マルティンとフィルナンドは聖騎士に護られながら、いつものマルティンの部屋、つまり一番奥にある客間に戻って行った。貴族たちに悟られないように、極秘で事を進めているので、いつも通りにサージアスもいれば、ユースフルも待っていた。ただ、フェンリルは神殿全体を護るために乙女の像から強い結界を張り神殿全体を聖域化することに専念しているのであった。
「ラインハルトも聖騎士の皆さんも心配しなくていいから。聖女である俺の純潔が散るわけじゃないから、な?」
マルティンがそう話しても、ラインハルトを始めとした聖騎士たちは不安そうな顔をしたままである。

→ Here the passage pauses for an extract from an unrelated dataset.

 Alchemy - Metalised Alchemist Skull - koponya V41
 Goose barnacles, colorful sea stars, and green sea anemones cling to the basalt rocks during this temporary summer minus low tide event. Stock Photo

「うん、もぉ。心配しないでよ。マルティンの童貞ならとっくに僕が貰ってるから。それでもマルティンが聖女になれたってことは、童貞は聖女の純潔の条件じゃいんだよ」
あまりの人数にまとわりつかれてうんざりしたのか、とうとうフィルナンドが言わなくていいことを口にしてしまった。それを聞いて聖騎士たちは顔を赤らめたり互いに顔を見合せたり、俯いてしまったりと、様々な反応を見せてきた。
「は、あ、あ、え、そ、わかり、まし、た」
何とか返事をしてくれたラインハルトであったが、耳まで真っ赤になりひたすらに下を向いてマルティンと目を合わせないようにしていたので、マルティンはラインハルトがその手のことに疎いのだと悟ったのであった。
「やーっと二人っきりになれたね。僕のマルティン」
部屋に入るなり抱きついてきたフィルナンドをやさしく抱き返しながらも、マルティンは部屋の鍵をかけることを怠らなかった。唯一鍵がかかっていてもお構い無しに神殿内を闊歩できる存在のフェンリルには釘を刺してきたので、とりあえずハレンチな真似はされないと信じている。
「とりあえず、座ろうか」
フィルナンドの肩を抱いて促す先は寝台である。座る場所もなにも、この部屋にはこの、大きな天蓋付きの寝台しかないのである。ユースフルが頑張ってくれたのか、真新しい寝具が用意され、羽枕が二つ並んで置かれているのを見れば、嫌でも初夜なのだと意識させられる。
「じゃあ、飲むよ」
腰に着けた魔法カバンからフィルナンドはポーションの瓶を取り出した。マルティンの魔法カバンと見た目の大きさは同じだが、性能はそこそこのよくある魔法カバンである。だが、今日は特別なポーションが大切に保管されていたのだ。
「そいつがそうなのか」
男の子宮の機能を回復させるポーションと言う長ったらしい名前が付いたポーションである。エロチックな色をしているのかと想像していたのに、色は意外と普通だった。寝台に腰かけて、フィルナンドは自分で完成させたそのポーションをゆっくりと飲み干していく。その行為を見させられているだけなのに、どこか興奮してしまうのは人間としての欲求の一つである食欲を刺激されているからかもしれない。いや、液体を飲み込んでいくフィルナンドの喉が何度も上下しているのが、どこか性的欲求を刺激しているのだろう。見た目の量で言うとペットボトル一本分ぐらいを一気に飲み干した感じである。
「ふぅ」
流石に貴族のご子息であるから、一気飲みなんて経験はないだろうフィルナンドは、疲れてしまったのか、大きく息を吐いた。その吐息がまた妖艶な雰囲気を醸し出していて、マルティンは思わず喉を鳴らしたのだった。
「飲んじゃった」
飲み終えたポーションの瓶を魔法カバンにしまい、フィルナンドは腰から魔法カバンを外した。座ったままの姿勢ではあるが、腰の辺りから紐状の物を外す行為は中々性的欲求を刺激するものである。マルティンの目線がフィルナンドの手の動きを追う。薬師ギルドに務めているとはいえ、貴族の子息である。傷のない綺麗な手をしていて、指先までとてもよく手入れをされているのがよくわかった。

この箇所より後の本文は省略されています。